> [Problem to work on]: Please print every record below exactly as it reads.

> [Provided data]:
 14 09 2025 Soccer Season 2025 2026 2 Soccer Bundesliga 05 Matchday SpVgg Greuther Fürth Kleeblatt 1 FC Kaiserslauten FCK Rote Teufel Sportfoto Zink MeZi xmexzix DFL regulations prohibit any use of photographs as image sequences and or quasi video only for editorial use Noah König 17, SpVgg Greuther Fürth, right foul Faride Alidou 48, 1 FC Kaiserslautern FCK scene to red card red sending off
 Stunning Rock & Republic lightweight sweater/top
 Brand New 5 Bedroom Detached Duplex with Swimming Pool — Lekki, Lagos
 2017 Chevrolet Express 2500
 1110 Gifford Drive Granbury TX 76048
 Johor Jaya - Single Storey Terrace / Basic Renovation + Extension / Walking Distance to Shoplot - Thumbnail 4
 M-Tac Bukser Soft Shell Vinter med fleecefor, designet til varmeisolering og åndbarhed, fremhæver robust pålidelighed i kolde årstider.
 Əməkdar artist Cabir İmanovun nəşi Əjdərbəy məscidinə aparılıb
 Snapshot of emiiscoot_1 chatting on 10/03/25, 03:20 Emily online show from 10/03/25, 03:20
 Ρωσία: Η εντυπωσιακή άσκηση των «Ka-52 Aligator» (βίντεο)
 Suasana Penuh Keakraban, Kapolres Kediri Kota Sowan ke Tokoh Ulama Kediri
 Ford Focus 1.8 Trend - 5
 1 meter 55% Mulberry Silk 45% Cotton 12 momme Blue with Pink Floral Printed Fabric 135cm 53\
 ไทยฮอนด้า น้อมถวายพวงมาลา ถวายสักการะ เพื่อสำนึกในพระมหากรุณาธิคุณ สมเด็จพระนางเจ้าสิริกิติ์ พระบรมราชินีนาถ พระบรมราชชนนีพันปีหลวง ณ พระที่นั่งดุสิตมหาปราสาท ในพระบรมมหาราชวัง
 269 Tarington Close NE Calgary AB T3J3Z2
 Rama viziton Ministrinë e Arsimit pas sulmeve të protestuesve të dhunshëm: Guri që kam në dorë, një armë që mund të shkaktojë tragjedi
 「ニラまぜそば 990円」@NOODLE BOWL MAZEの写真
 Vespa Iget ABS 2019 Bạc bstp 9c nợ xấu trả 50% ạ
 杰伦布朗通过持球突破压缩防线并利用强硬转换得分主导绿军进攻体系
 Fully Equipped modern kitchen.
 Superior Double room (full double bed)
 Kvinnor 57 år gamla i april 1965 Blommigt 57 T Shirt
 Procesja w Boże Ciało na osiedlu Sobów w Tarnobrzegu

> [Task solution]:
 14 09 2025 Soccer Season 2025 2026 2 Soccer Bundesliga 05 Matchday SpVgg Greuther Fürth Kleeblatt 1 FC Kaiserslauten FCK Rote Teufel Sportfoto Zink MeZi xmexzix DFL regulations prohibit any use of photographs as image sequences and or quasi video only for editorial use Noah König 17, SpVgg Greuther Fürth, right foul Faride Alidou 48, 1 FC Kaiserslautern FCK scene to red card red sending off
 Stunning Rock & Republic lightweight sweater/top
 Brand New 5 Bedroom Detached Duplex with Swimming Pool — Lekki, Lagos
 2017 Chevrolet Express 2500
 1110 Gifford Drive Granbury TX 76048
 Johor Jaya - Single Storey Terrace / Basic Renovation + Extension / Walking Distance to Shoplot - Thumbnail 4
 M-Tac Bukser Soft Shell Vinter med fleecefor, designet til varmeisolering og åndbarhed, fremhæver robust pålidelighed i kolde årstider.
 Əməkdar artist Cabir İmanovun nəşi Əjdərbəy məscidinə aparılıb
 Snapshot of emiiscoot_1 chatting on 10/03/25, 03:20 Emily online show from 10/03/25, 03:20
 Ρωσία: Η εντυπωσιακή άσκηση των «Ka-52 Aligator» (βίντεο)
 Suasana Penuh Keakraban, Kapolres Kediri Kota Sowan ke Tokoh Ulama Kediri
 Ford Focus 1.8 Trend - 5
 1 meter 55% Mulberry Silk 45% Cotton 12 momme Blue with Pink Floral Printed Fabric 135cm 53\
 ไทยฮอนด้า น้อมถวายพวงมาลา ถวายสักการะ เพื่อสำนึกในพระมหากรุณาธิคุณ สมเด็จพระนางเจ้าสิริกิติ์ พระบรมราชินีนาถ พระบรมราชชนนีพันปีหลวง ณ พระที่นั่งดุสิตมหาปราสาท ในพระบรมมหาราชวัง
 269 Tarington Close NE Calgary AB T3J3Z2
 Rama viziton Ministrinë e Arsimit pas sulmeve të protestuesve të dhunshëm: Guri që kam në dorë, një armë që mund të shkaktojë tragjedi
 「ニラまぜそば 990円」@NOODLE BOWL MAZEの写真
 Vespa Iget ABS 2019 Bạc bstp 9c nợ xấu trả 50% ạ
 杰伦布朗通过持球突破压缩防线并利用强硬转换得分主导绿军进攻体系
 Fully Equipped modern kitchen.
 Superior Double room (full double bed)
 Kvinnor 57 år gamla i april 1965 Blommigt 57 T Shirt
 Procesja w Boże Ciało na osiedlu Sobów w Tarnobrzegu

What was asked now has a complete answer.